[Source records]
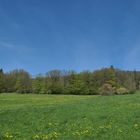 Frühling im NSG Oberes Dombachtal 19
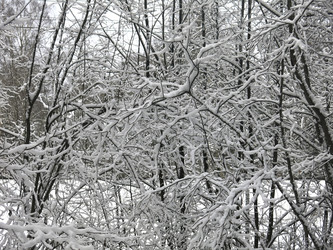 Similar image 21172695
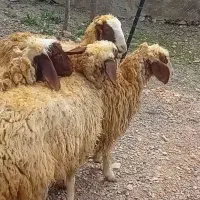 کاور ماده سنجابی گوسفند میش شیشک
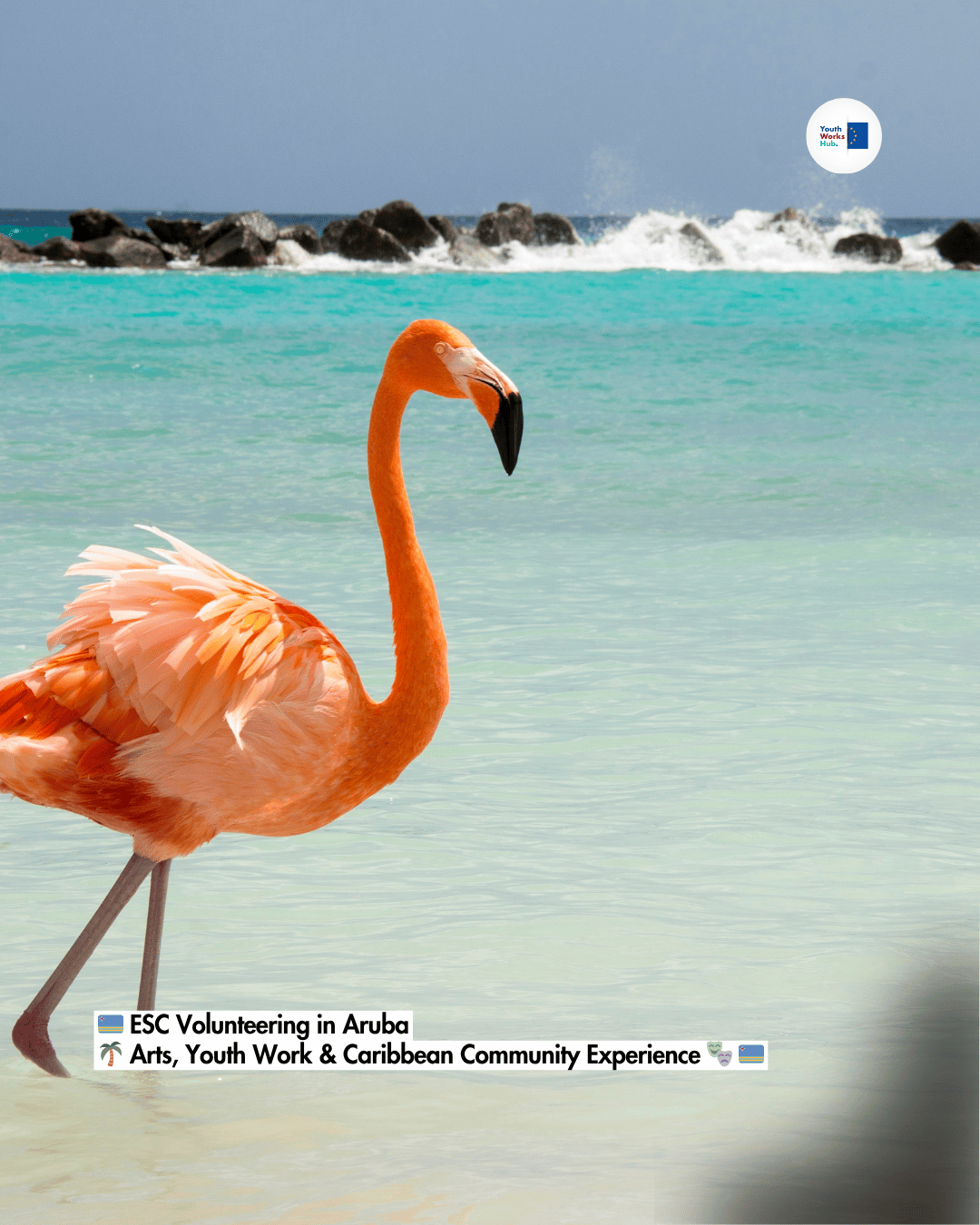 🇦🇼 ESC Volunteering in Aruba 🌴 Arts, Youth Work & Caribbean Community Experience 🎭 🇦🇼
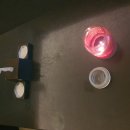 쁘띠미누 노래연습장 이미지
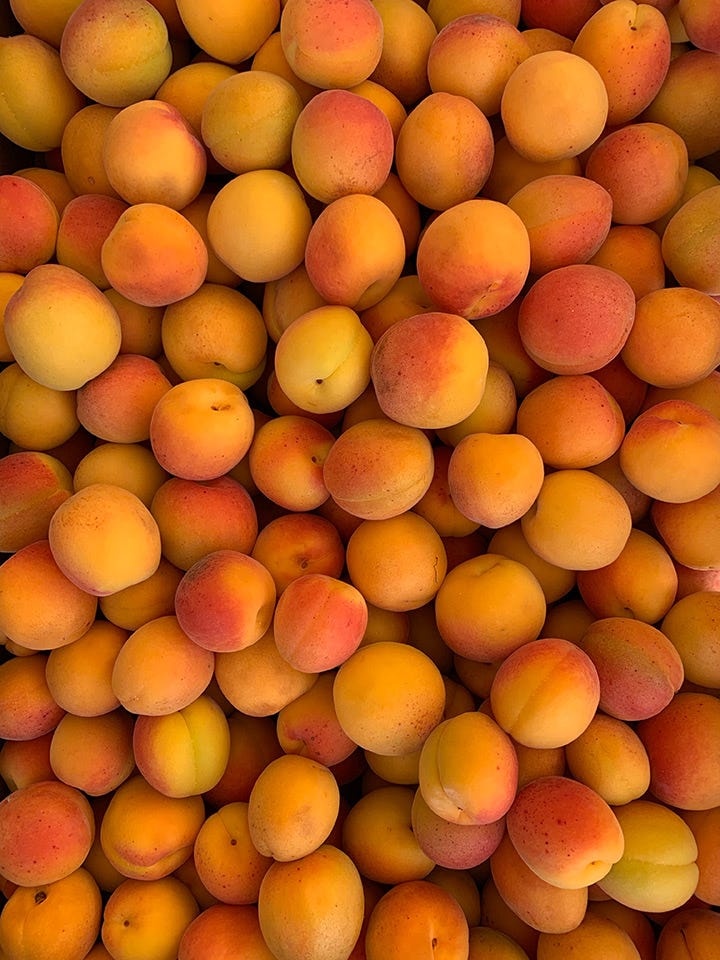 Close up of apricots in a box and a shot of apricot preserves cooling in jars.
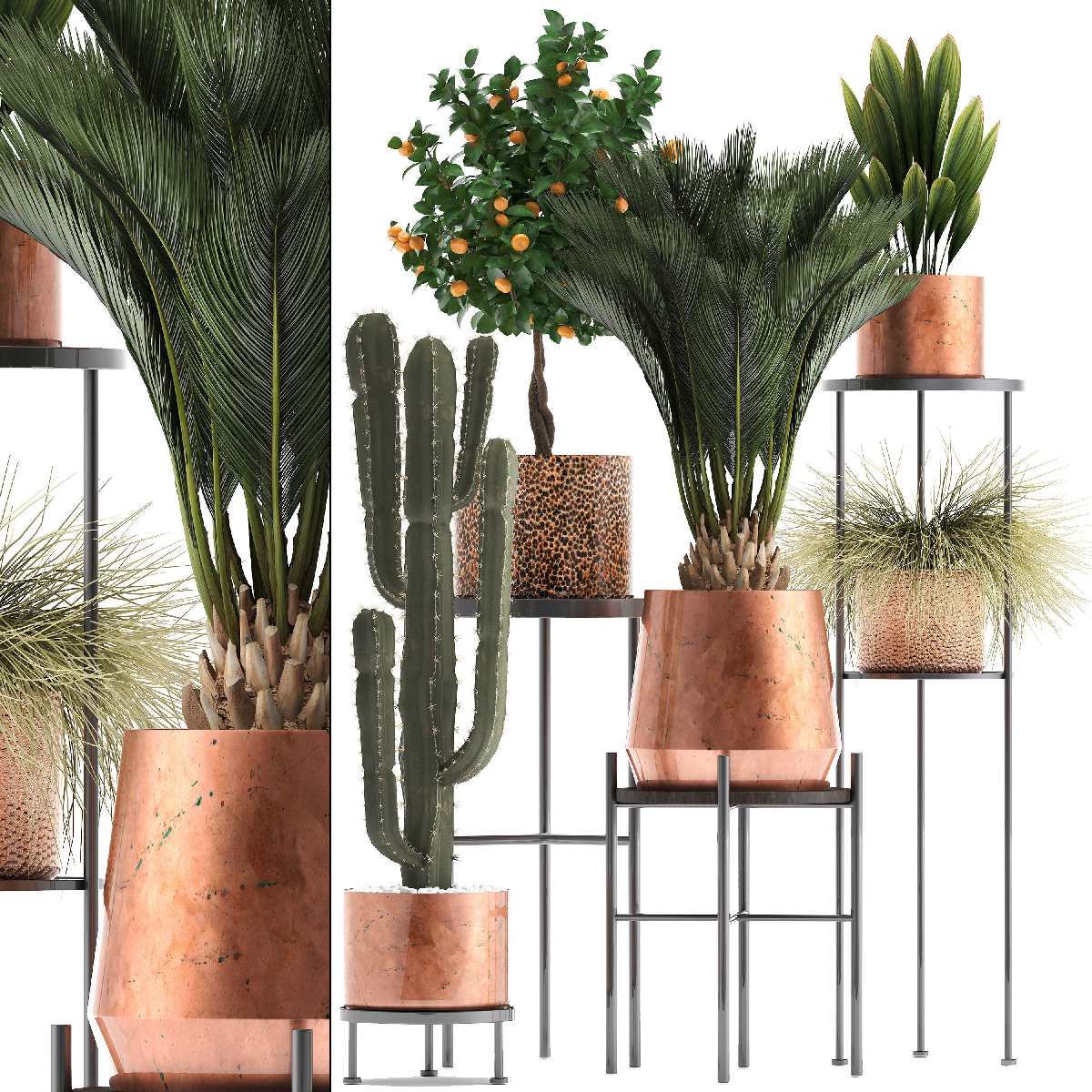 Modern Potted Plant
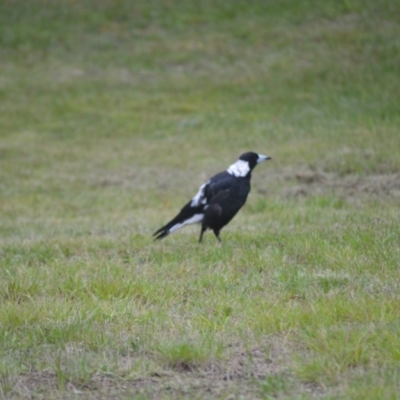 Gymnorhina tibicen (Australian Magpie) at Cecil Hoskins Nature Reserve - 5 Jan 2024 by plants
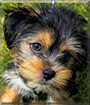 Gizmo the Shih Tzu, Yorkshire Terrier mix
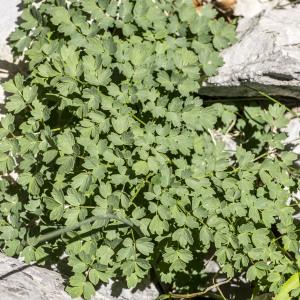 Photographie n°688734 du taxon Thalictrum minus L. [1753]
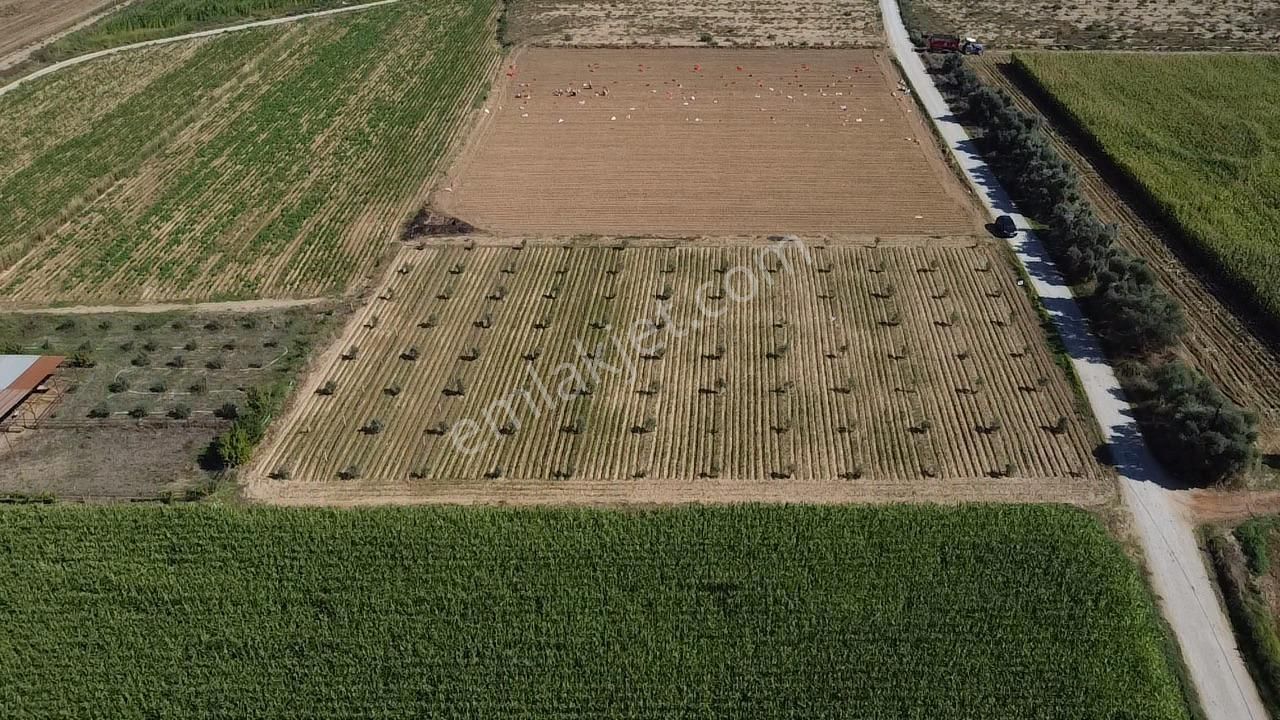 A Plus Gayrimenkulden Kahrat Köyünde 3645 M2 Yola Cepheli Tarla​ - Görsel 7
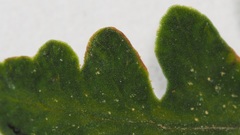 Pentagramma triangularis triangularis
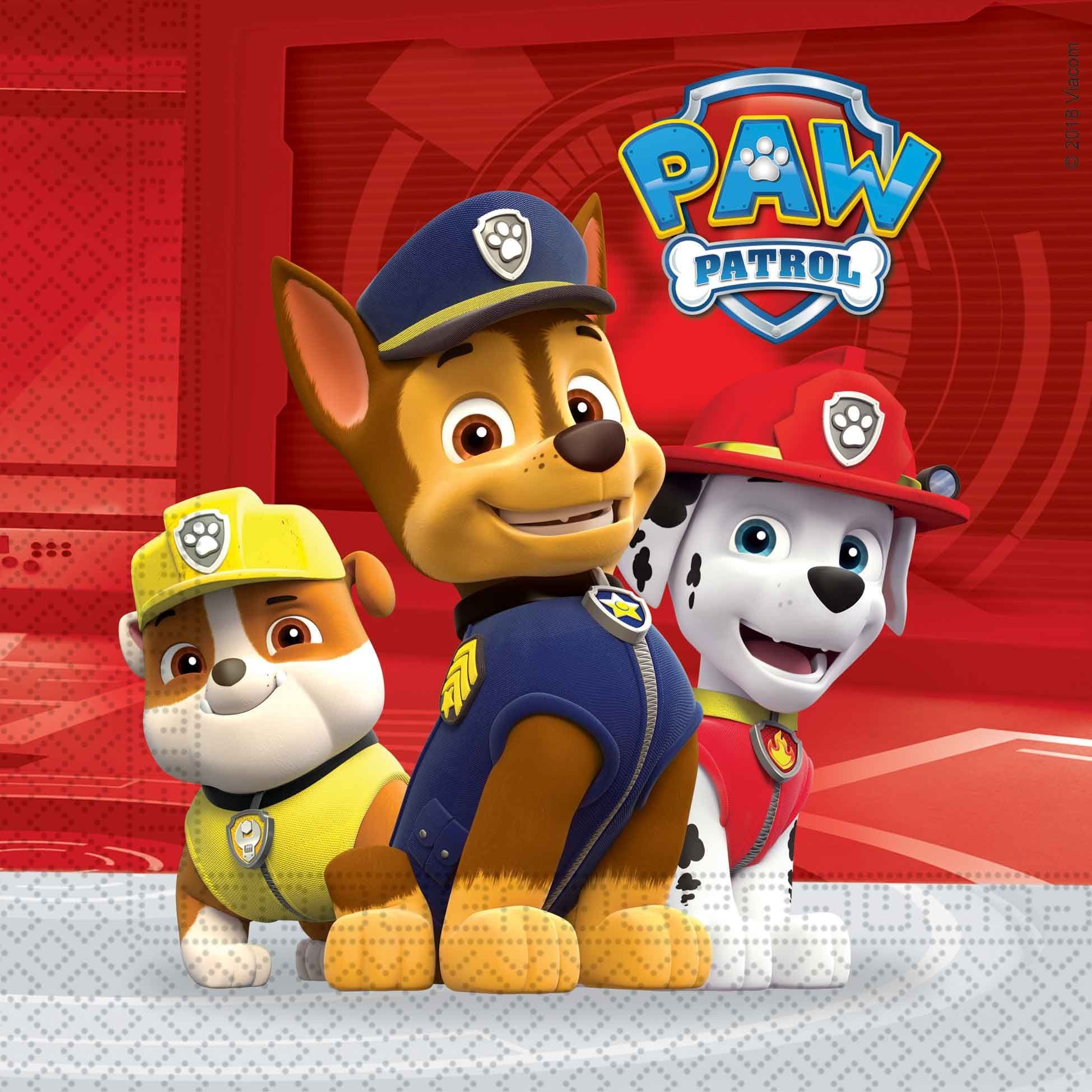 PAW PATROL PARTY FOR 8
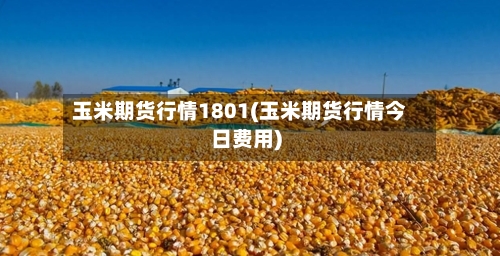 玉米期货行情1801(玉米期货行情今日费用)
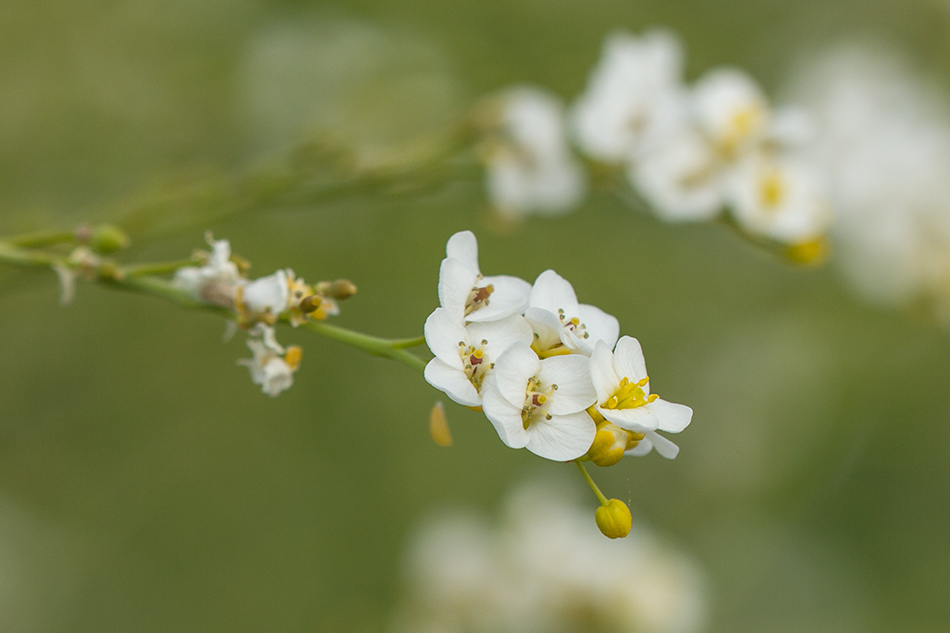 Изображение особи Crambe koktebelica.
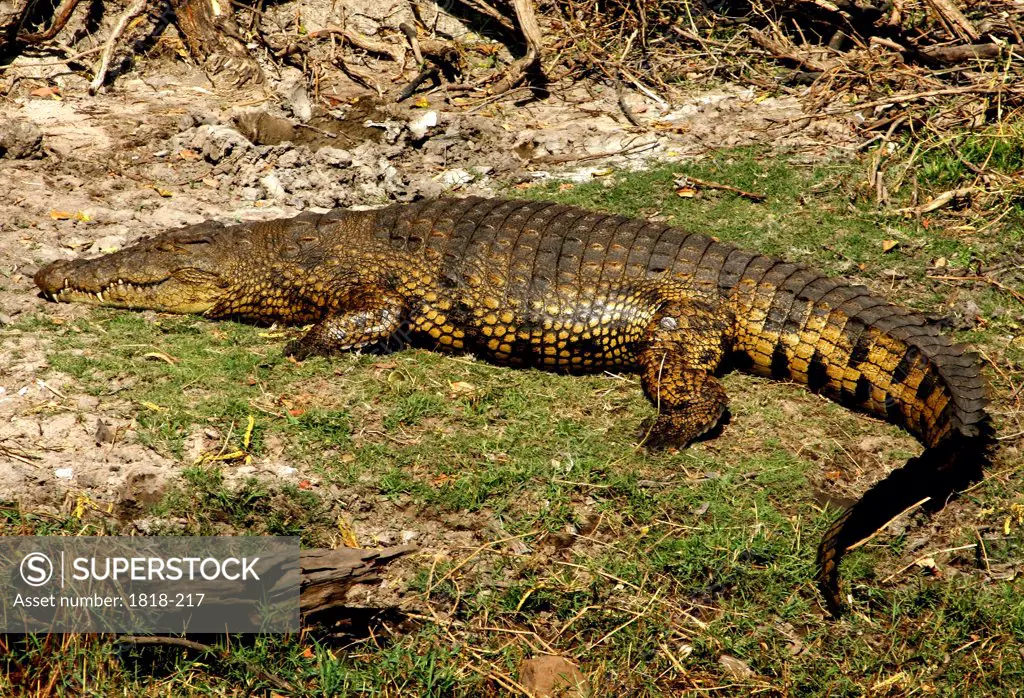 Nile crocodile (Crocodylus niloticus) resting on the riverbank, Okavango Delta, Botswana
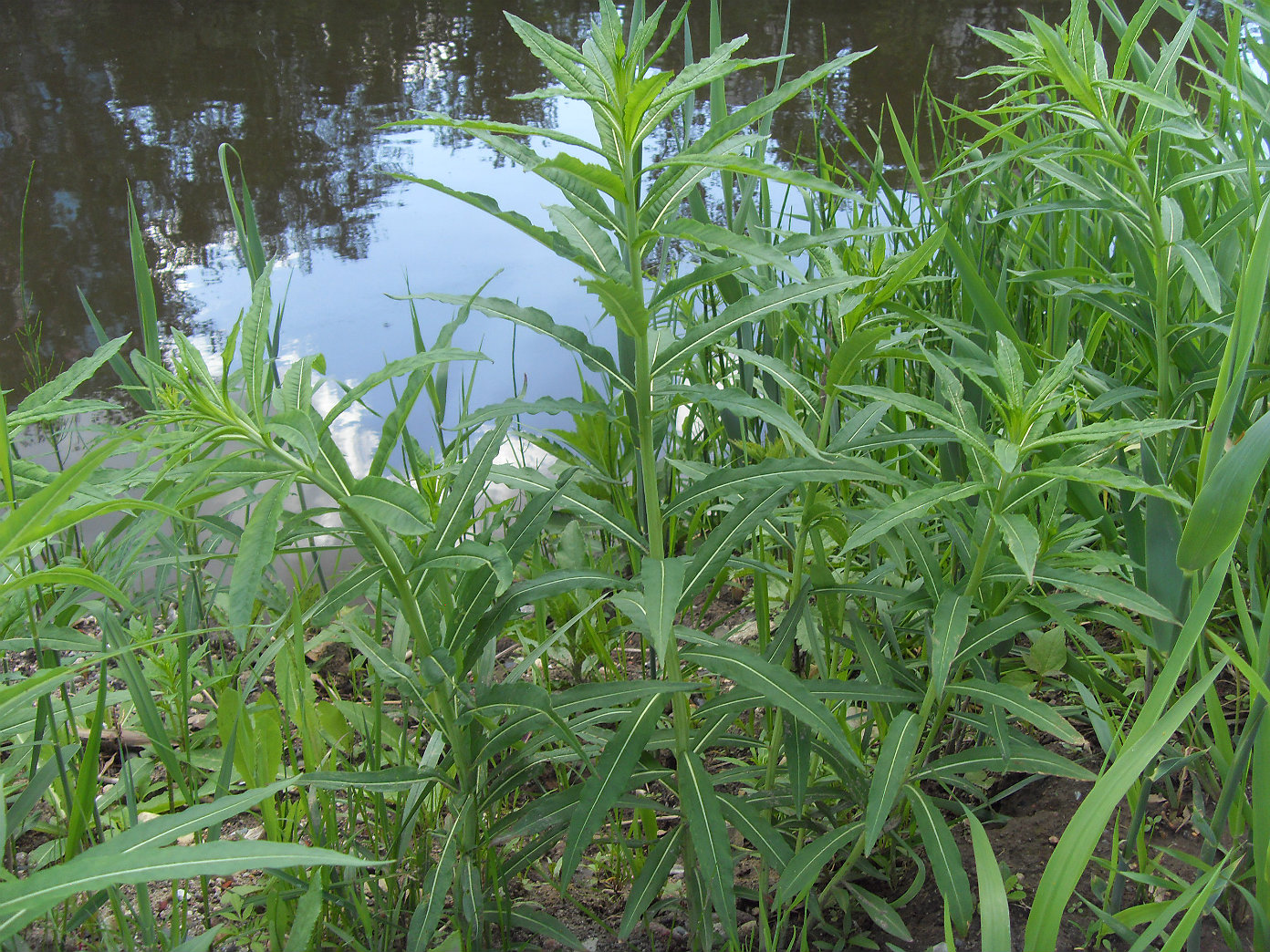 Image of Chamaenerion angustifolium specimen.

**YOUR INSTRUCTIONS:** Pictures stay out; the entries above are to be output exactly as given.

**RESULT:**
 Frühling im NSG Oberes Dombachtal 19
 Similar image 21172695
 کاور ماده سنجابی گوسفند میش شیشک
 🇦🇼 ESC Volunteering in Aruba 🌴 Arts, Youth Work & Caribbean Community Experience 🎭 🇦🇼
 쁘띠미누 노래연습장 이미지
 Close up of apricots in a box and a shot of apricot preserves cooling in jars.
 Modern Potted Plant
 Gymnorhina tibicen (Australian Magpie) at Cecil Hoskins Nature Reserve - 5 Jan 2024 by plants
 Gizmo the Shih Tzu, Yorkshire Terrier mix
 Photographie n°688734 du taxon Thalictrum minus L. [1753]
 A Plus Gayrimenkulden Kahrat Köyünde 3645 M2 Yola Cepheli Tarla​ - Görsel 7
 Pentagramma triangularis triangularis
 PAW PATROL PARTY FOR 8
 玉米期货行情1801(玉米期货行情今日费用)
 Изображение особи Crambe koktebelica.
 Nile crocodile (Crocodylus niloticus) resting on the riverbank, Okavango Delta, Botswana
 Image of Chamaenerion angustifolium specimen.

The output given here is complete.